┌──

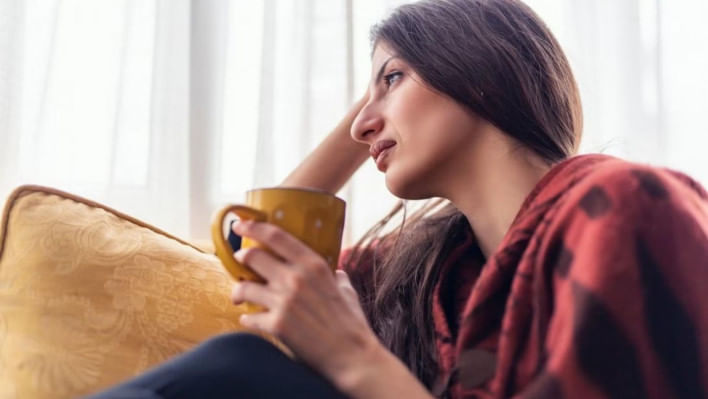 নেতিবাচক চিন্তা থেকে দূরে থাকবেন যেভাবে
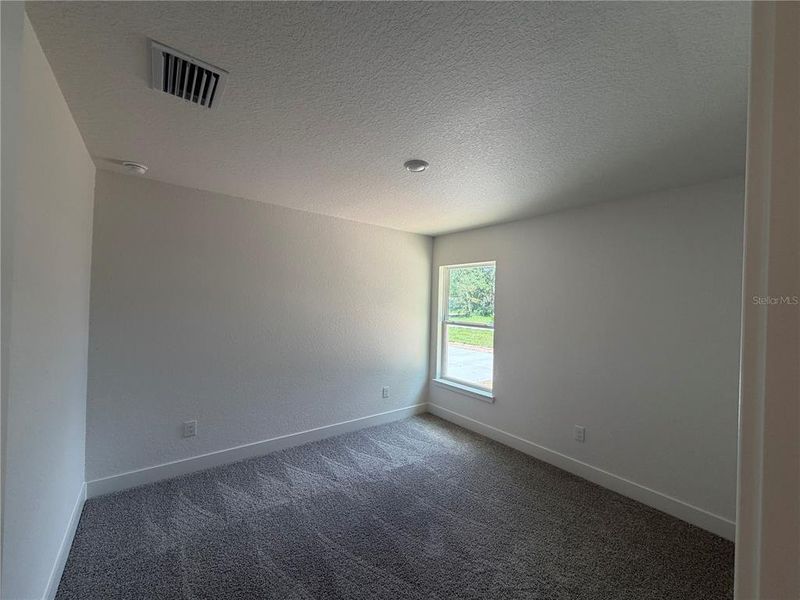 Spacious, unfurnished interior of a new home in , Summerfield (Image 16).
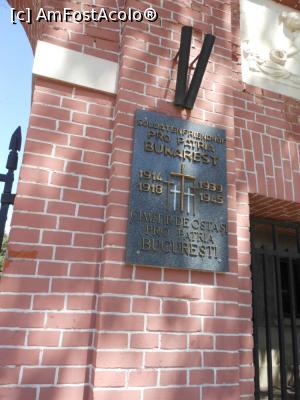 [P03] Cimitirul de onoare Pro Patria - București. La intrare, placa &icirc;n germană și rom&acirc;nă. » foto by iulianic
 - 
<span class="allrVoted glyphicon glyphicon-heart hidden" id="av1225708"></span>
<a class="m-l-10 hidden" id="sv1225708" onclick="voting_Foto_DelVot(,1225708,3511)" role="button">șterge vot <span class="glyphicon glyphicon-remove"></span></a>
<a id="v91225708" class=" c-red"  onclick="voting_Foto_SetVot(1225708)" role="button"><span class="glyphicon glyphicon-heart-empty"></span> <b>LIKE</b> = Votează poza</a> <img class="hidden"  id="f1225708W9" src="/imagini/loader.gif" border="0" /><span class="AjErrMes hidden" id="e1225708ErM"></span>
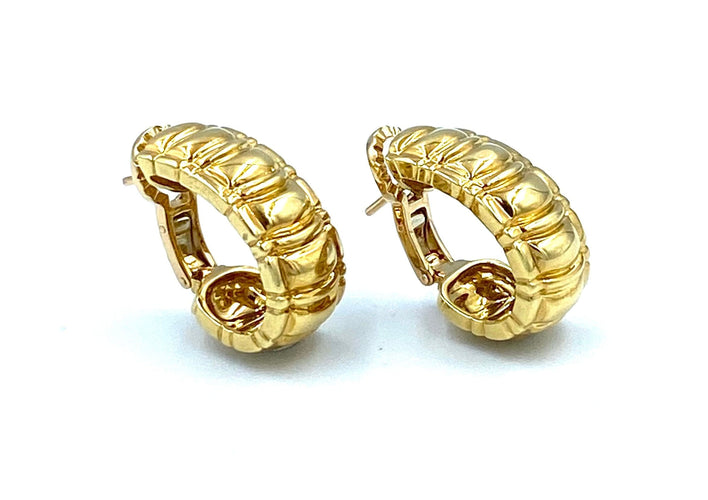 Boucles d'oreilles Piaget. Boucles d’oreilles or jaune 18K 58 Facettes
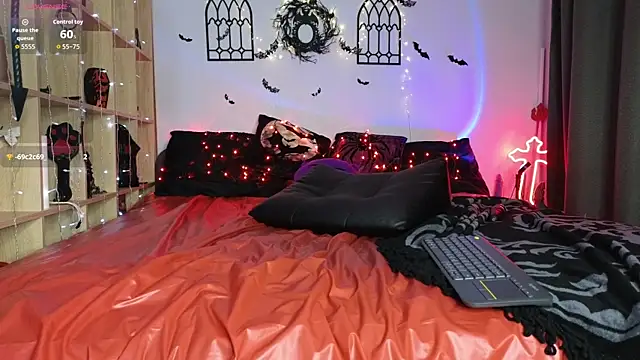 Snapshot of Devil_s_bride chatting on 11-12-25, 07:03 Devil s bride online show from 11-12-25, 07:03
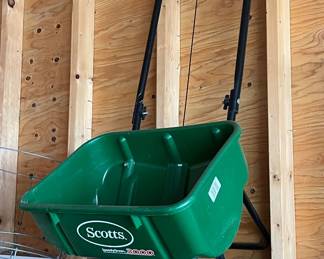 SCOTTS Turf Builder/Spreader 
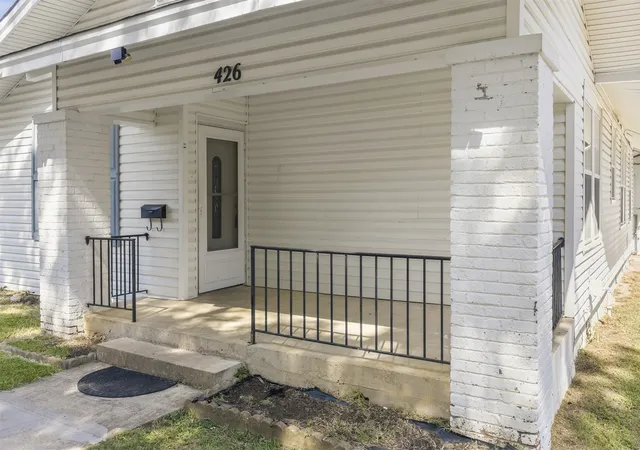 2nd image of 426 H St Sw, Ardmore, OK 73401 | MLS# 2630248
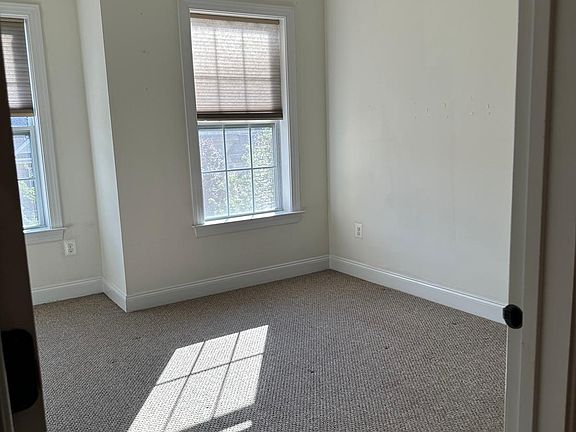 5th image of 8221 Castanea Ln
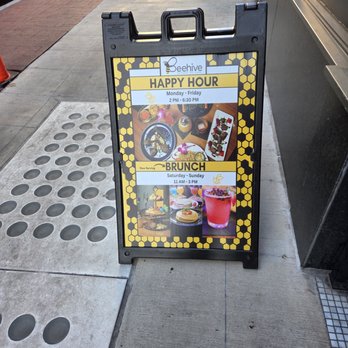 Beehive - Cocktail Bars Near Me - Dallas, Texas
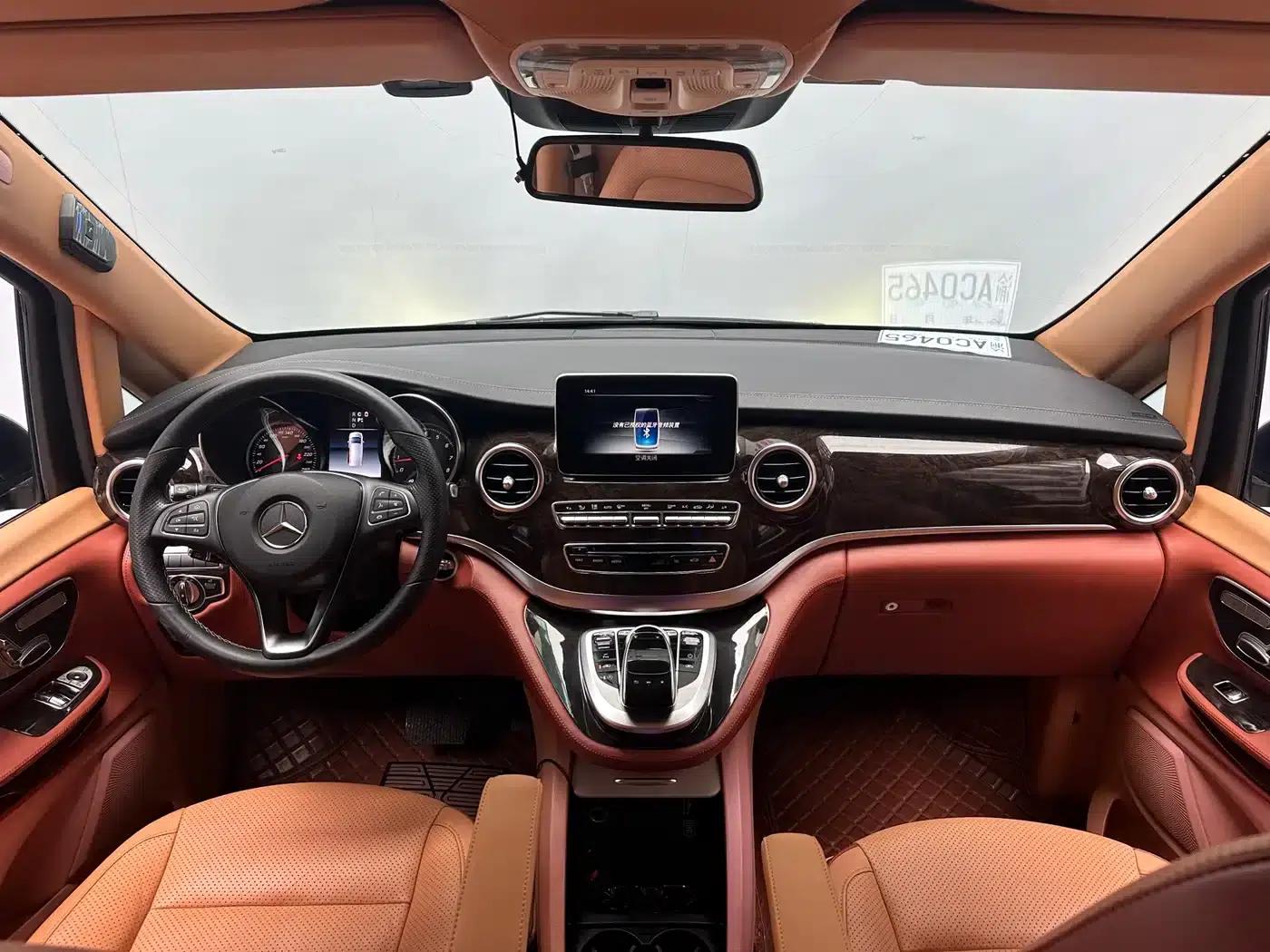 Mercedes-Benz V-Class 2018 V 260 L Premium Extended Edition (China VI Emission Standard) — миниатюра 7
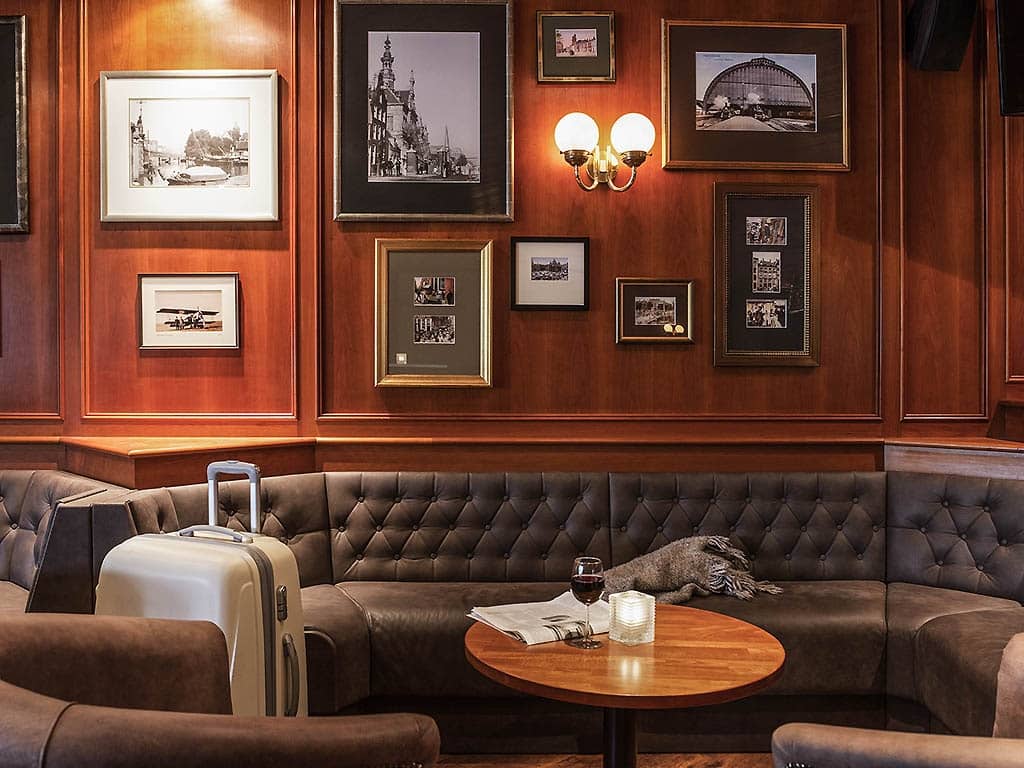 lounge ibis hotel op amsterdam schiphol Lounge van Ibis hotel op Amsterdam Schiphol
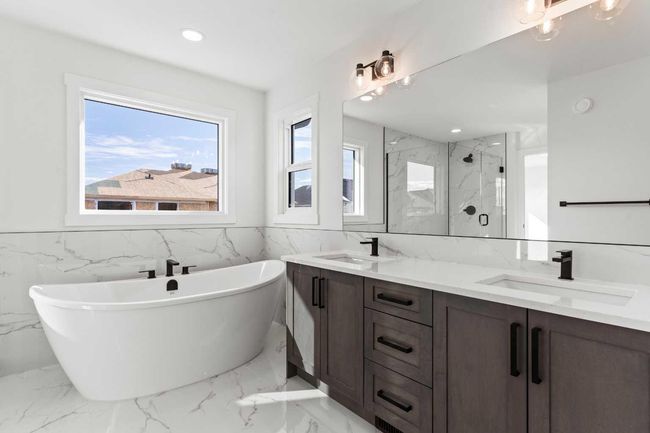 271 Kinniburgh Loop, House other with 4 bedrooms, 3 bathrooms and 4 parking in Chestermere AB | Image 42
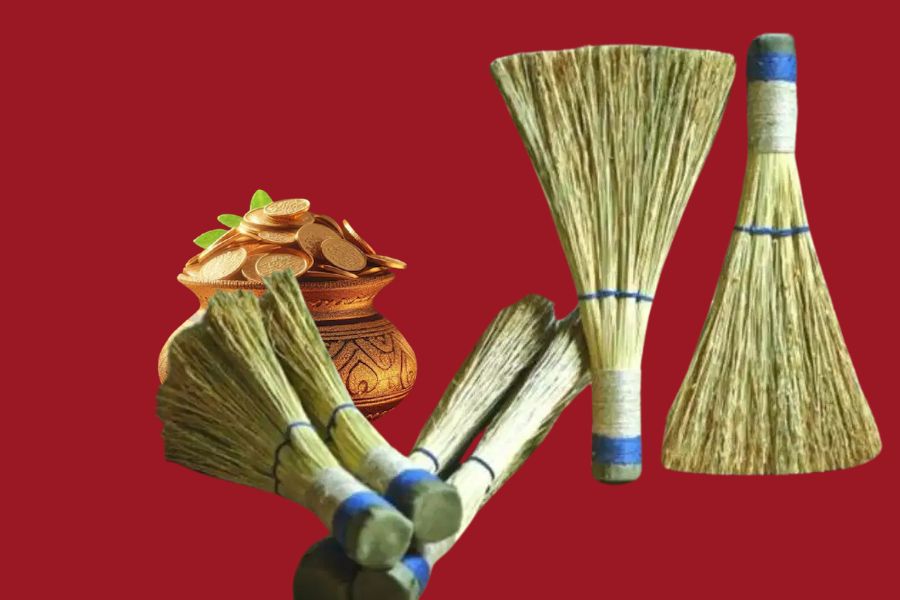 ১. ঘাস বা নারকেল পাতার মতো প্রাকৃতিক ফাইবারের ঝাঁটা বেছে নেবেন।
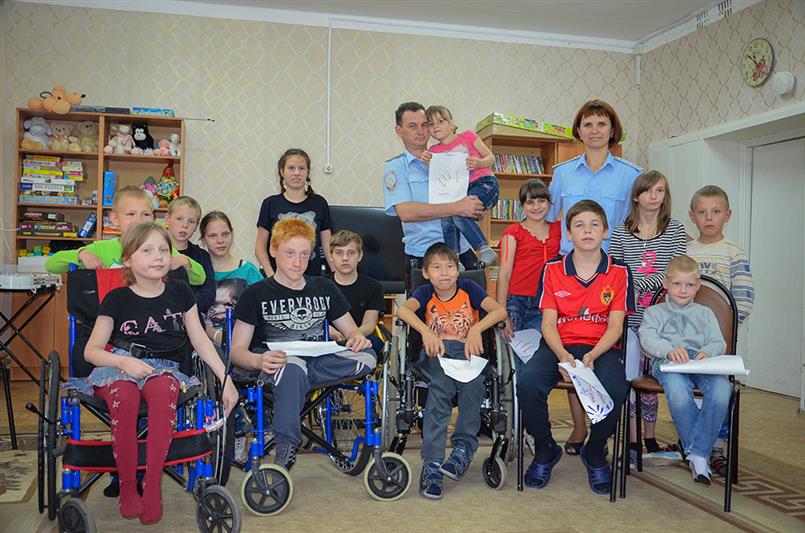 В Пензенской области сотрудники Росгвардии провели акцию для воспитанников подшефного детского дома 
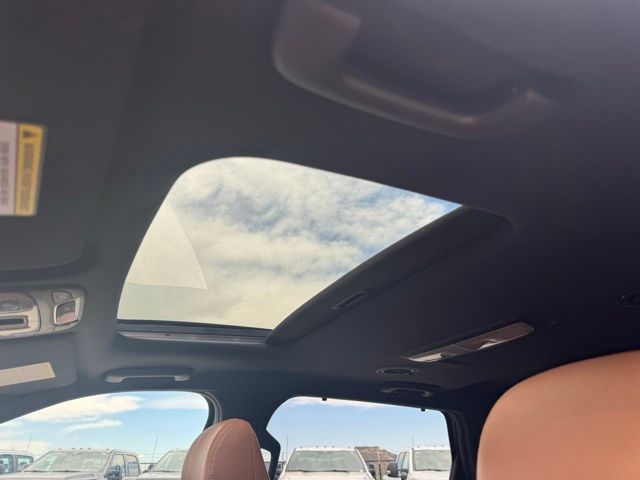 Vehicle image 27 of 35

└──

#### [About this task]
Extract only the lines from the line containing "В Пензенской области" through the final line of the listing above, unchanged; pictures stay out of the copy.

#### [The answer]
 В Пензенской области сотрудники Росгвардии провели акцию для воспитанников подшефного детского дома 
 Vehicle image 27 of 35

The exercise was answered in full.